Hello?! ... Remember me?! ... And Red Pepper Pasta

I know. I know. I know. Every year I say I'm going to keep up my food blog, and it ends up going by the wayside, like most New Years' Resolutions. I have been busy this year, but that's no excuse, really. I'm always busy. But, I have been trying to remember to take pictures of some of the dishes I cook so that I can eventually, some day, maybe get them posted to my blog. A friend asked me about my blog last night, and I felt guilty that I had to tell him that I haven't kept it up this year. So, here's a post to get me started again. Hopefully, I'll keep at it.

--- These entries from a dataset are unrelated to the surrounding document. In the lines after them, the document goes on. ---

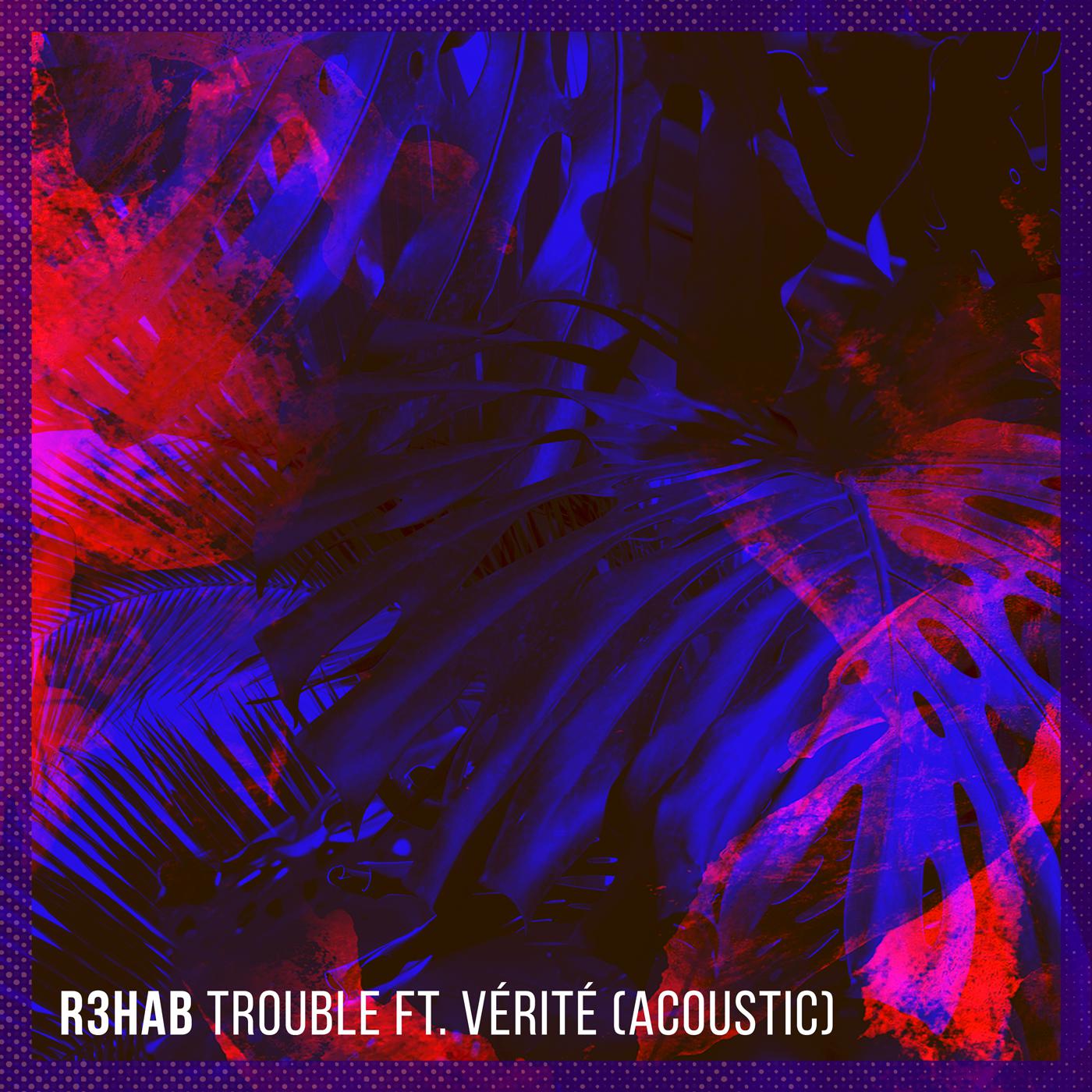 Trouble (Acoustic)歌词 歌手VÉRITÉ / R3HAB-专辑Trouble (Acoustic)-单曲《Trouble (Acoustic)》LRC歌词下载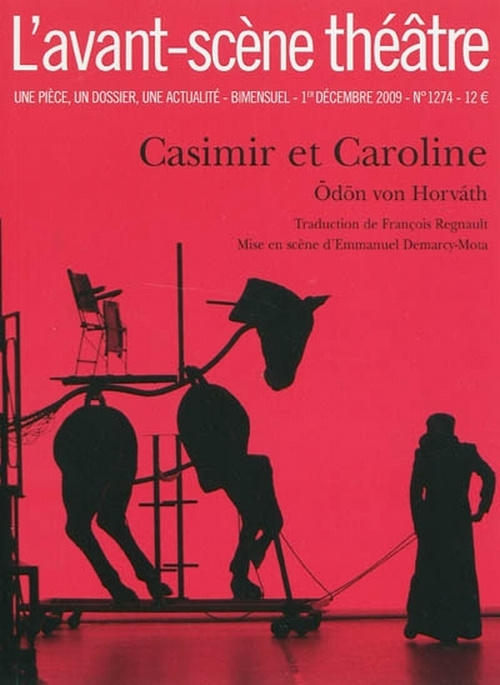 Emprunter L'Avant-Scène théâtre N° 1274 : Casimir et Caroline livre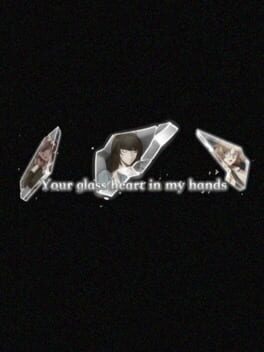 Your Glass Heart in My Hands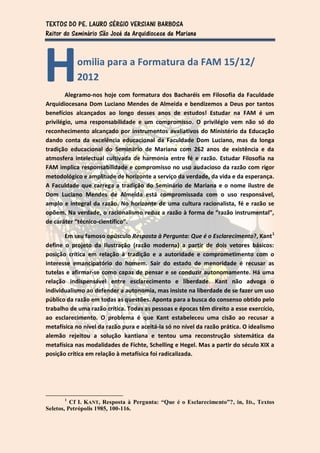 TEXTOS DO PE. LAURO SÉRGIO VERSIANI BARBOSA
Reitor do Seminário São José da Arquidiocese de Mariana




H          omilia para a Formatura da FAM 15/12/
           2012
        Alegramo-nos hoje com formatura dos Bacharéis em Filosofia da Faculdade
Arquidiocesana Dom Luciano Mendes de Almeida e bendizemos a Deus por tantos
benefícios alcançados ao longo desses anos de estudos! Estudar na FAM é um
privilégio, uma responsabilidade e um compromisso. O privilégio vem não só do
reconhecimento alcançado por instrumentos avaliativos do Ministério da Educação
dando conta da excelência educacional da Faculdade Dom Luciano, mas da longa
tradição educacional do Seminário de Mariana com 262 anos de existência e da
atmosfera intelectual cultivada de harmonia entre fé e razão. Estudar Filosofia na
FAM implica responsabilidade e compromisso no uso audacioso da razão com rigor
metodológico e amplitude de horizonte a serviço da verdade, da vida e da esperança.
A Faculdade que carrega a tradição do Seminário de Mariana e o nome ilustre de
Dom Luciano Mendes de Almeida está compromissada com o uso responsável,
amplo e integral da razão. No horizonte de uma cultura racionalista, fé e razão se
opõem. Na verdade, o racionalismo reduz a razão à forma de “razão instrumental”,
de caráter “técnico-científico”.

       Em seu famoso opúsculo Resposta à Pergunta: Que é o Esclarecimento?, Kant 1
define o projeto da Ilustração (razão moderna) a partir de dois vetores básicos:
posição crítica em relação à tradição e a autoridade e comprometimento com o
interesse emancipatório do homem. Sair do estado de menoridade é recusar as
tutelas e afirmar-se como capaz de pensar e se conduzir autonomamente. Há uma
relação indispensável entre esclarecimento e liberdade. Kant não advoga o
individualismo ao defender a autonomia, mas insiste na liberdade de se fazer um uso
público da razão em todas as questões. Aponta para a busca do consenso obtido pelo
trabalho de uma razão crítica. Todas as pessoas e épocas têm direito a esse exercício,
ao esclarecimento. O problema é que Kant estabeleceu uma cisão ao recusar a
metafísica no nível da razão pura e aceitá-la só no nível da razão prática. O idealismo
alemão rejeitou a solução kantiana e tentou uma reconstrução sistemática da
metafísica nas modalidades de Fichte, Schelling e Hegel. Mas a partir do século XIX a
posição crítica em relação à metafísica foi radicalizada.




       1
          Cf I. KANT, Resposta à Pergunta: “Que é o Esclarecimento”?, in, ID., Textos
Seletos, Petrópolis 1985, 100-116.
 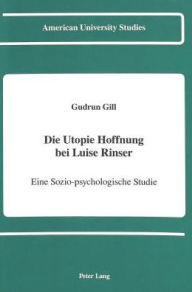 Die Utopie Hoffnung bei Luise Rinser: Eine Sozio-psychologische Studie Gudrun Gill Author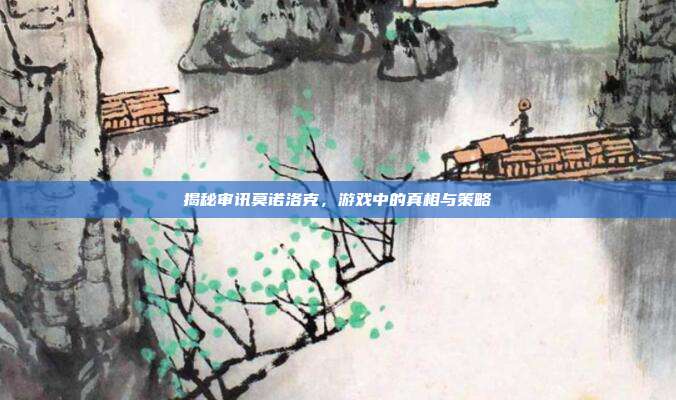 揭秘审讯莫诺洛克，游戏中的真相与策略-第1张图片-速奇网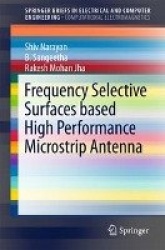 Frequency Selective Surfaces based High Performance Microstrip Antenna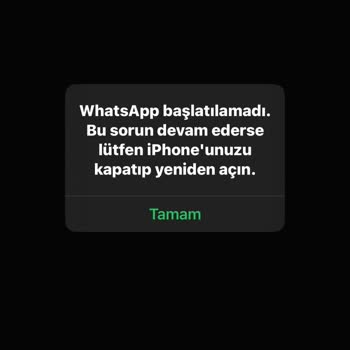 WhatsApp'ta Sürekli Hata Ve Başlatılamama Sorunu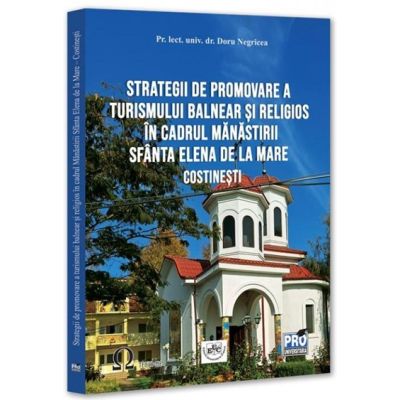 Strategii de promovare a turismului balnear si religios in cadrul Manastirii Sfanta Elena de la Mare - Costinesti - Doru Negricea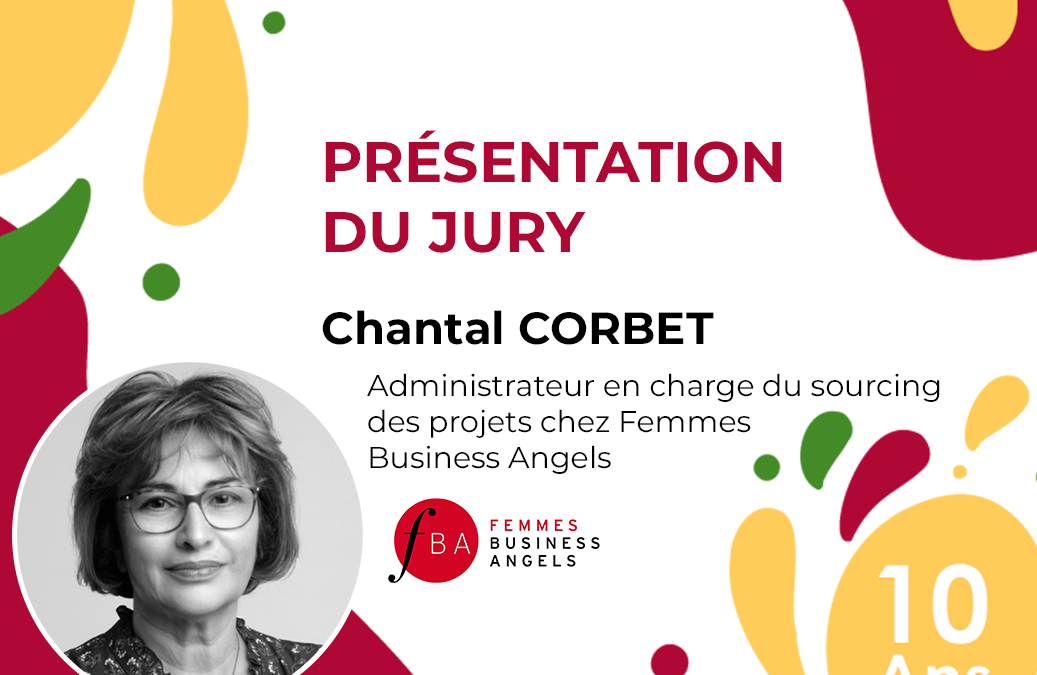 A propos des membres du Jury de la 2ème épreuve – Chantal Corbet, Administrateur en charge du sourcing des projets, chez Femmes Business Angels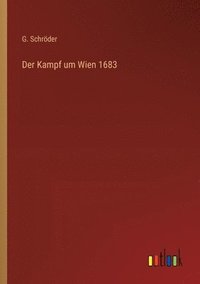 bokomslag Kampf um Wien 1683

Pioneer Woman's Red Pepper Pasta

I may have previously mentioned Ree Drummond a/k/a Pioneer Woman. Her blog is hilarious, her recipes delicious, and that cowboy husband of hers is hawwwwwwwtttttt! She posted a recipe for Red Pepper Pasta that sounded really yummy, so I decided to try it. I actually followed it almost exactly (you know I have to change at least one thing), AND I remembered to take some photos along the way.

You can follow the link to the recipe, so I'm not going to list it exactly here. But it contains onions, garlic, roasted red peppers, veggie or chicken broth, heavy cream, parmesan cheese, basil, parsley, and the pasta of your choice. I chose papperdelle pasta, which is basically broad, flat noodles.

First, I sauteed onions and garlic in butter.

Next, I added in the chopped red peppers and cooked them for a few minutes.

I poured the onions, garlic, and peppers into my food processor and pureed it.

I put my pasta on to boil while I sauteed some zucchini. This is where I deviated from Ree's recipe in that I decided to add in some zucchini.  I put the pepper puree back into the skillet with the zucchini and some broth, plus salt and pepper, and heated it back up, then added the cream.

By this time, my pasta was done so I drained it then mixed it in with the pasta along with parmesan cheese, basil, and parsley.

And, voila!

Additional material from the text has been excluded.